For the spin_trylock_or_boost() caller, the waiter's scope needs to go
beyond the function call, thus it must not be allocated on the stack. Adding
it to the task struct works, but only allows one trylock_or_boost to be
called, but that should be fine anyway (a warning is added if it is not).
The spin_trylock_or_boost() will add this new task_struct waiter to the pi
lists of the lock, and if necessary (if it is the highest waiter on the
lock) to the owner's pi list too.

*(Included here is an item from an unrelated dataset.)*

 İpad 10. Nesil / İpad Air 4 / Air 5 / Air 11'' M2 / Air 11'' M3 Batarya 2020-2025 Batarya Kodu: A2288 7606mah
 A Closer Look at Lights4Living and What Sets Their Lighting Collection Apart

This is exactly the way things work with
the current pi inheritance logic.
Some things need to be changed though. As the waiter is not actually waiting
on the lock, the owner can't wake it up without prejudice, as the waiter
could have set itself in another state before calling cpu_chill(). A
"wake_up" field is added to the waiter and is set only when the task is
ready to receive the wakeup and it saves the current state.

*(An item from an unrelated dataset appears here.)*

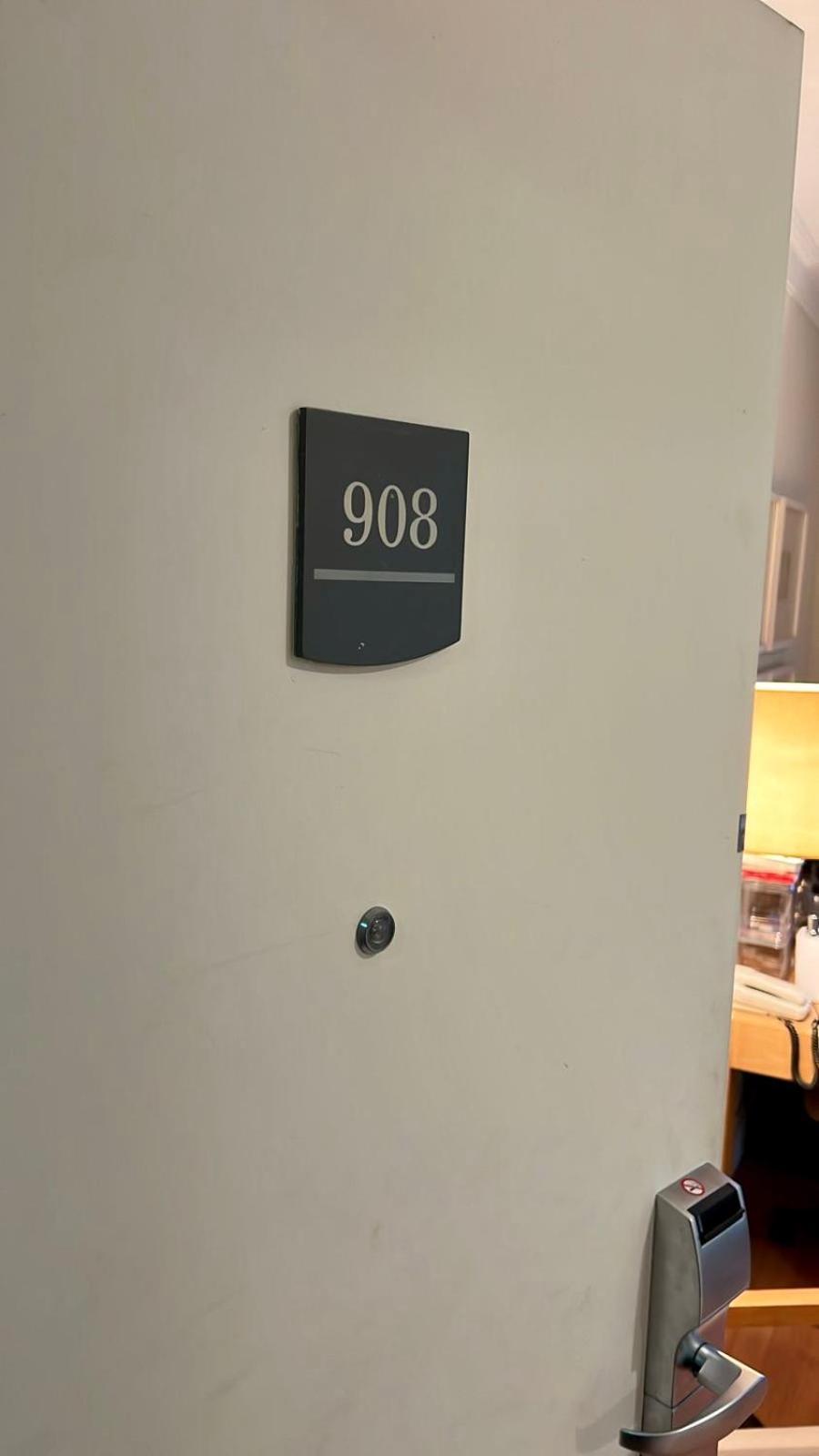 Unu Congonhas Apartment *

When the owner of the lock releases the lock and picks this task to take the
lock next, it will remove it from the pi lists and clear the waiter->lock.
This is done under the task's pi_lock to make sure it synchronizes with the
cpu_chill() call.
When cpu_chill() is called, it will look to see if the task's static waiter
has a lock. If it does not, the cpu_chill will act like a cpu_relax(), as
that means the owner released the lock. The cpu_chill() will then set the
"wake_up" flag, save the state, and go to sleep in the TASK_INTERRUPTIBLE
state, as anything should be able to wake it up.

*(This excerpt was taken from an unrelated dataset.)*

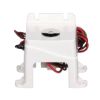 Picture of Attwood Marine Bilge Pump Switch 48017 â€“ Durable Boat Accessory, Easy Install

When it is woken, it clears the lock (if it hasn't already been done) and
removes itself from the pi lists.
Note, the reason that the owner of the lock clears the lock and does not let
the task stay on the pi lists, is because nothing prevents the lock from
being freed when there is no real owner of the task.
Note 2, if the task blocks on a rtmutex, or tries to call trylock_or_boost
again and fails while already boosting a lock, then it must remove itself
from the previous lock before it can boost another task. Only one boosting
per task is allowed. A task can not boost more than one task.
Signed-off-by: Steven Rostedt <rostedt@goodmis.org>
---
include/linux/rtmutex.h | 1 +
include/linux/sched.h | 50 +++++++
include/linux/spinlock.h | 5 +
include/linux/spinlock_rt.h | 15 ++
kernel/locking/rtmutex.c | 323 +++++++++++++++++++++++++++++++++++++++-
kernel/locking/rtmutex_common.h | 22 ---
6 files changed, 386 insertions(+), 30 deletions(-)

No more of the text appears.